== What to work on ==
Take the line that holds "Kitten Phone Wallpaper · pets · 1440×2160" and every line after it to the end of the entries, and repeat them exactly without the pictures.
━━━━━━━━━━━━━━━━━━━━
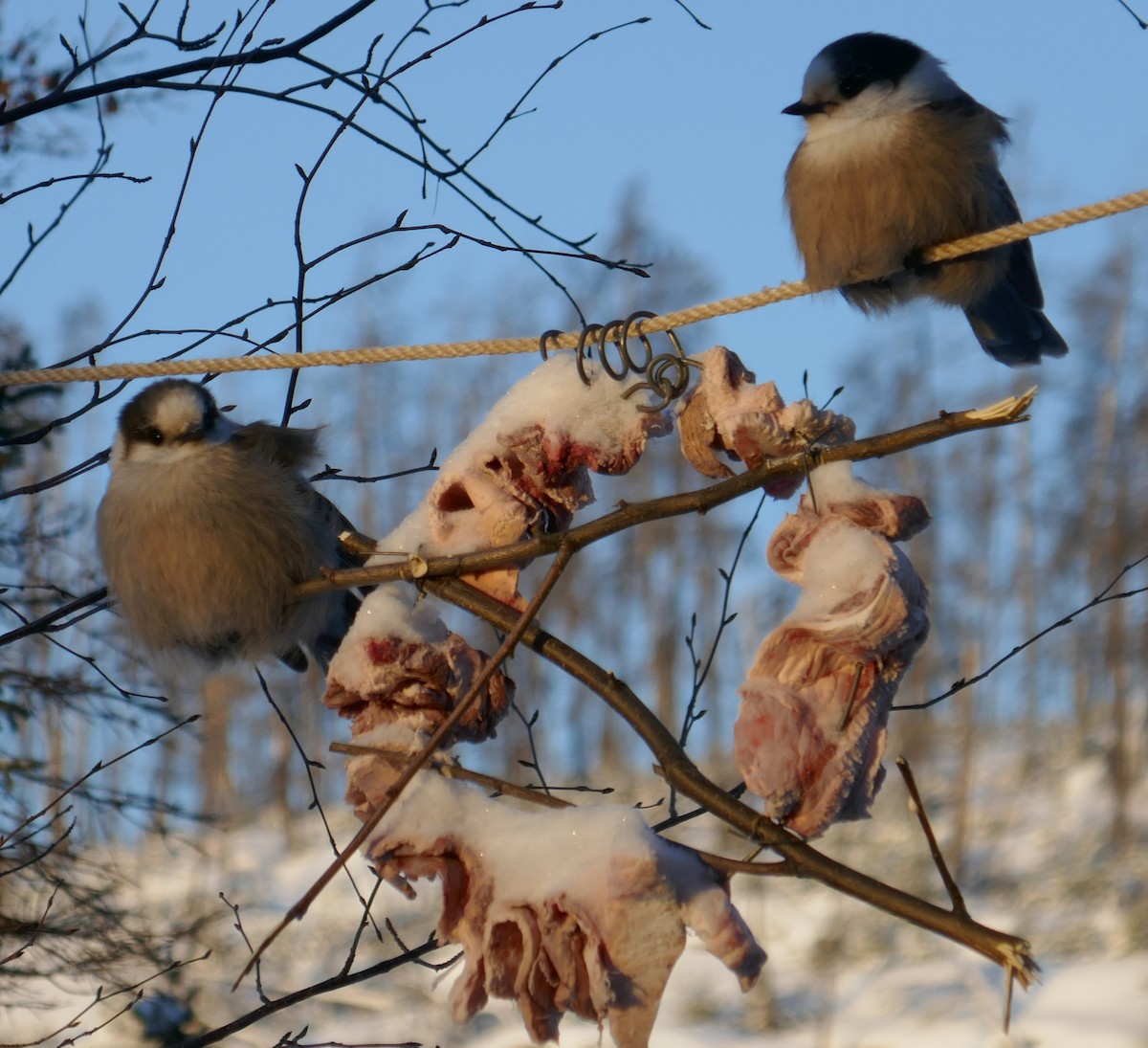 Canada Jay - ML289024711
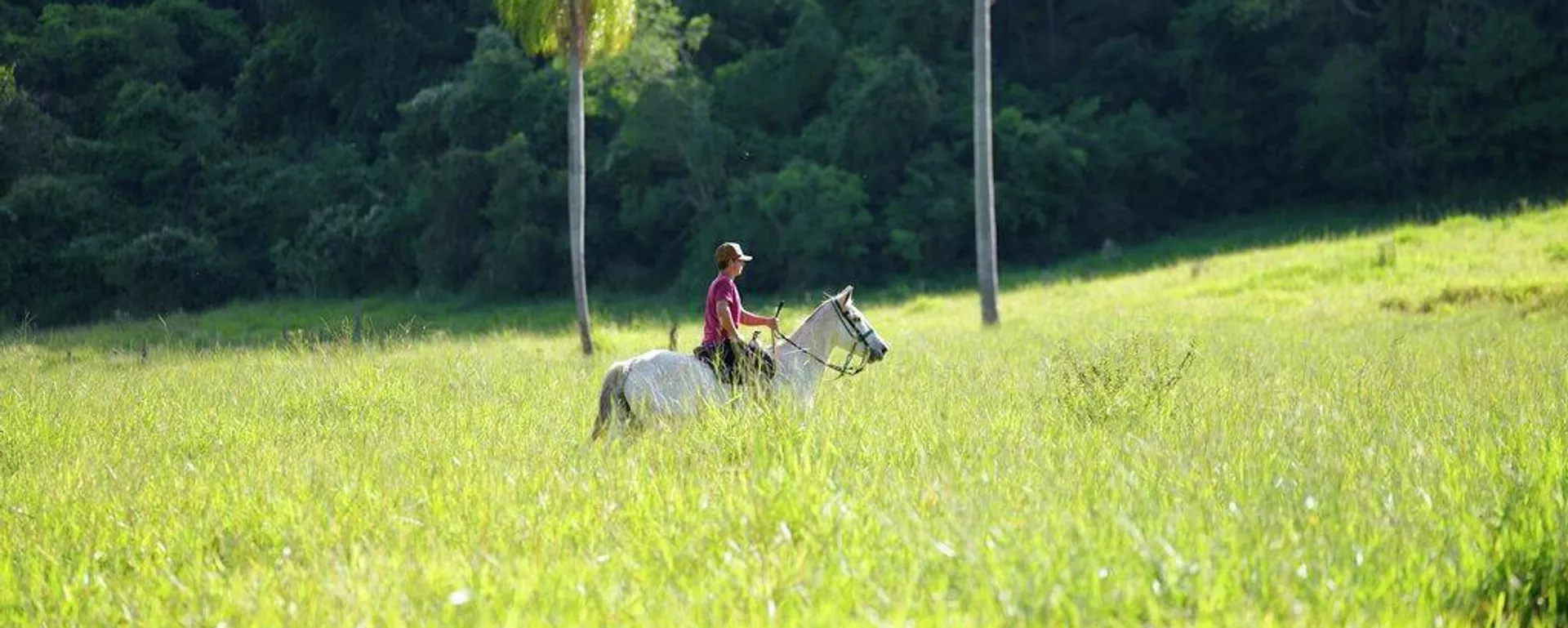 Agricultor del departamento paraguayo de Amabay - Sputnik Mundo, 1920, 28.02.2026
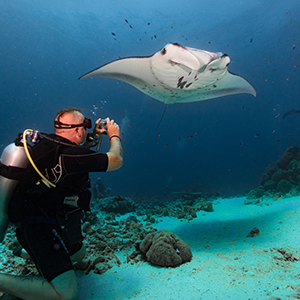 maldives manta diving cruise - lumira cruises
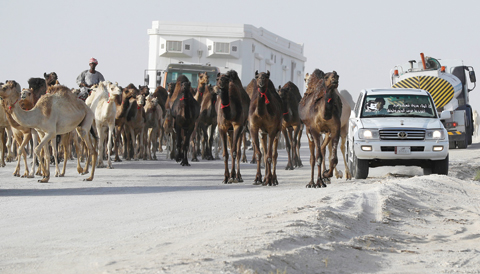 Qatari men herd camels in a desert area on the Qatari side of the Abu Samrah border crossing between Saudi Arabia and Qatar yesterday. Around 12,000 camels and sheep have become the latest victims of the Gulf diplomatic crisis, being forced to trek back to Qatar from Saudi Arabia. — AFP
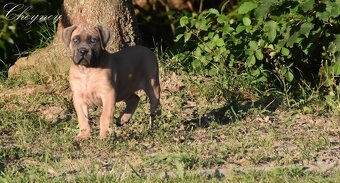 Cane Corso štěňata s FCI PP - 4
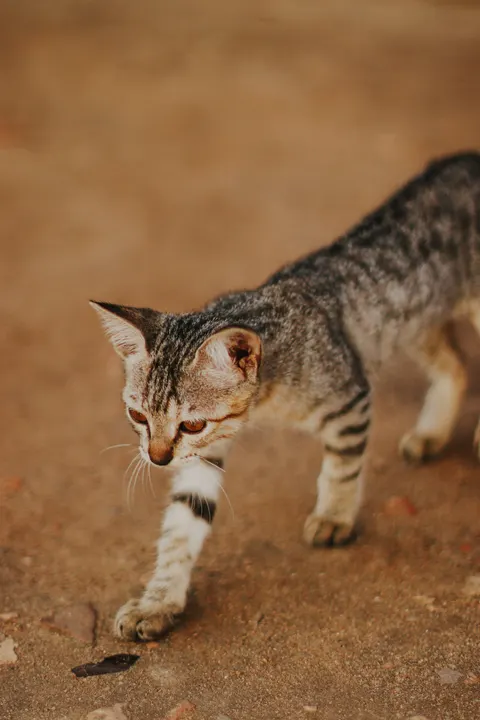 Kitten Phone Wallpaper · pets · 1440×2160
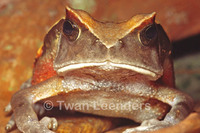 : Bufo superciliaris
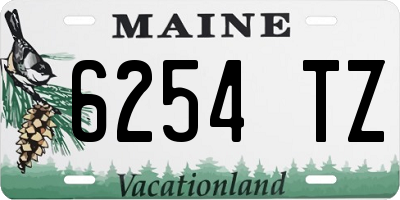 ME license plate 6254TZ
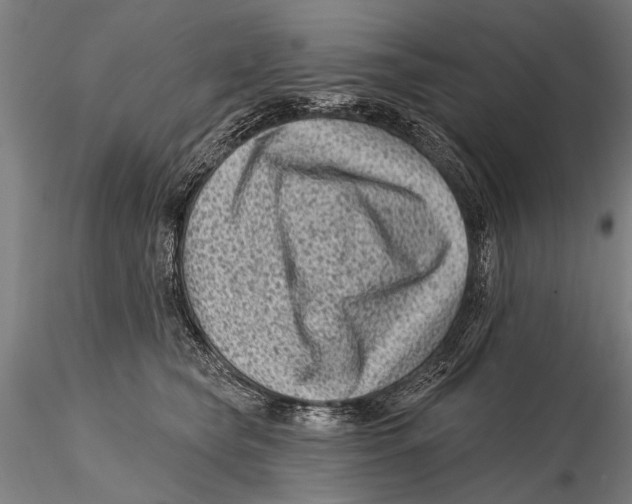 X0000115380565200912011208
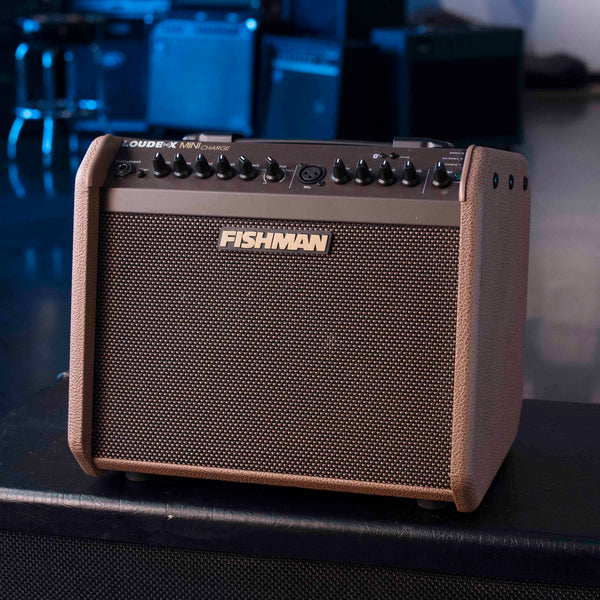 USED FISHMAN LOUDBOX MINI CHARGE WITH BOX
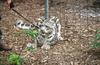Wildlife on Easy Street - Snow Leopard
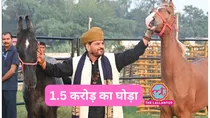 brij bhushan sharan singh gonda gets horse worth 1.5 crore rupees in gift by karan bhushan friend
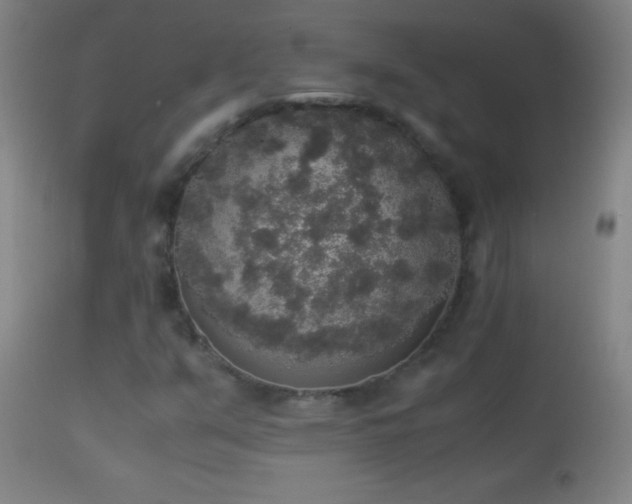 X0000114661351200910201521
━━━━━━━━━━━━━━━━━━━━
== Response to this task ==
 Kitten Phone Wallpaper · pets · 1440×2160
 : Bufo superciliaris
 ME license plate 6254TZ
 X0000115380565200912011208
 USED FISHMAN LOUDBOX MINI CHARGE WITH BOX
Wildlife on Easy Street - Snow Leopard
 brij bhushan sharan singh gonda gets horse worth 1.5 crore rupees in gift by karan bhushan friend
 X0000114661351200910201521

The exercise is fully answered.